We’ll cover this later as we wind down the bucket list series, but I will go ahead and advise you: any pastor or preacher, book or article, teaching or doctrine, church or ministry, attitude or implication that demeans women, makes them out to be less valuable than or inferior to men, or a second-class citizen in God’s kingdom is not of God. If it’s not of God there’s only one other place it can be from.

We’ll see men and women have different roles in God’s economy, but they are equal heirs to heaven and all it’s blessings right now.

Galatians 3:25–29 (ESV) — 25 But now that faith has come, we are no longer under a guardian, 26 for in Christ Jesus you are all sons of God, through faith. 27 For as many of you as were baptized into Christ have put on Christ. 28 There is neither Jew nor Greek, there is neither slave nor free, there is no male and female, for you are all one in Christ Jesus. 29 And if you are Christ’s, then you are Abraham’s offspring, heirs according to promise.

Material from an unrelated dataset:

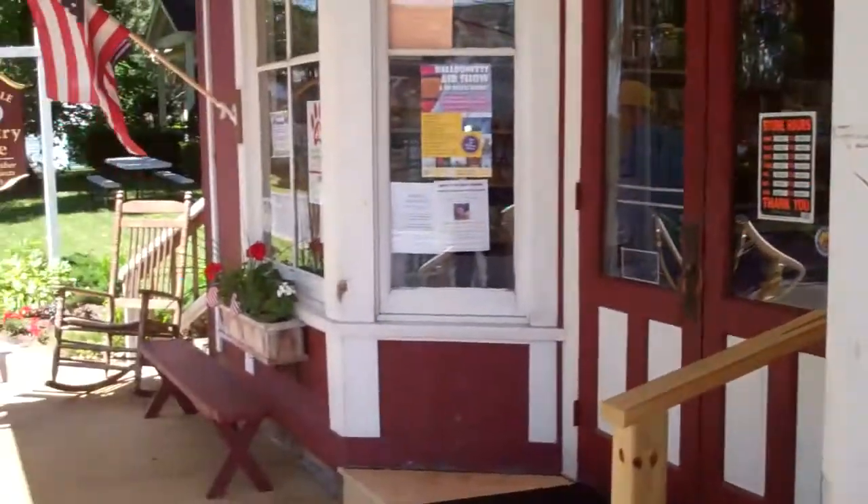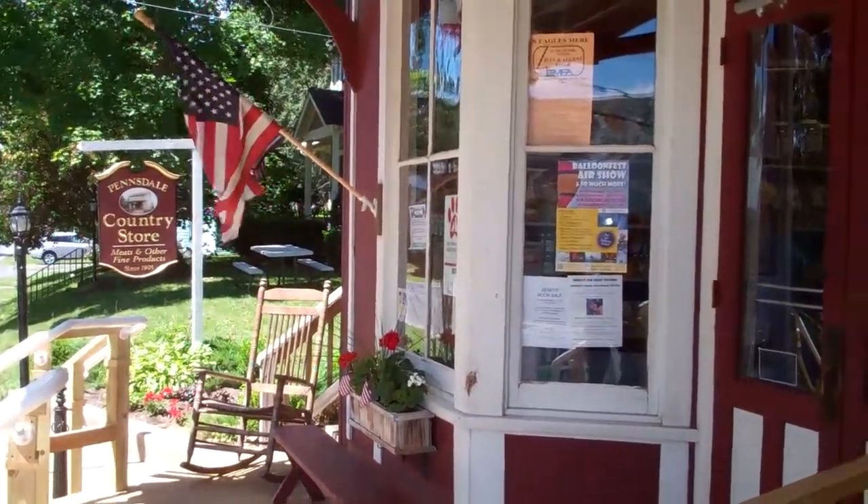One other feature that's really neat about the deck here is it brings us back to the look of the early 1900s when the store was first opened. Thank you so very much for watching today. Quality since 1905.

Back to our text. Verse 23. Adam speaks for the first time…

23 Then the man said, “This at last is bone of my bones and flesh of my flesh; she shall be called Woman, because she was taken out of Man.” 

“At last,” he said. In other words, “She is what I’ve been looking for all my life.”

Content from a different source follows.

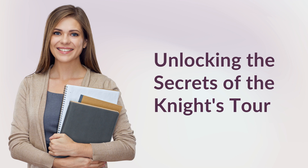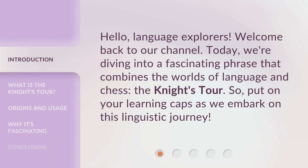Unlocking the Secrets of the Knight's Tour. Hello, Language Explorers. Welcome back to our channel. Today, we're diving into a fascinating phrase that combines the worlds of language and chess: the Knight's Tour. So put on your learning caps as we embark on this linguistic journey.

We have the first man, the first woman, and now the first wedding…

24 Therefore a man shall leave his father and his mother and hold fast to his wife, and they shall become one flesh.

Nothing sums up what marriage is supposed to be better than this (it was God’s idea!). If you’re single, don’t read anything into this.

Conclusion: Now we have a fairly clear picture of what things were like in the beginning, which we need if we’re going to figure out God’s end game.

**** Back to illustration

One last thing. Let’s close with verse 25…

25 And the man and his wife were both naked and were not ashamed.

Abbie running around shouting “Naked baby” when she was little…

That speaks of their innocence. They didn’t know any better than to not be ashamed of their nakedness. I wish we could just leave it like this.

Remember that tree of the knowledge of good and evil? And God’s command concerning it? Everything is about to change for the worse.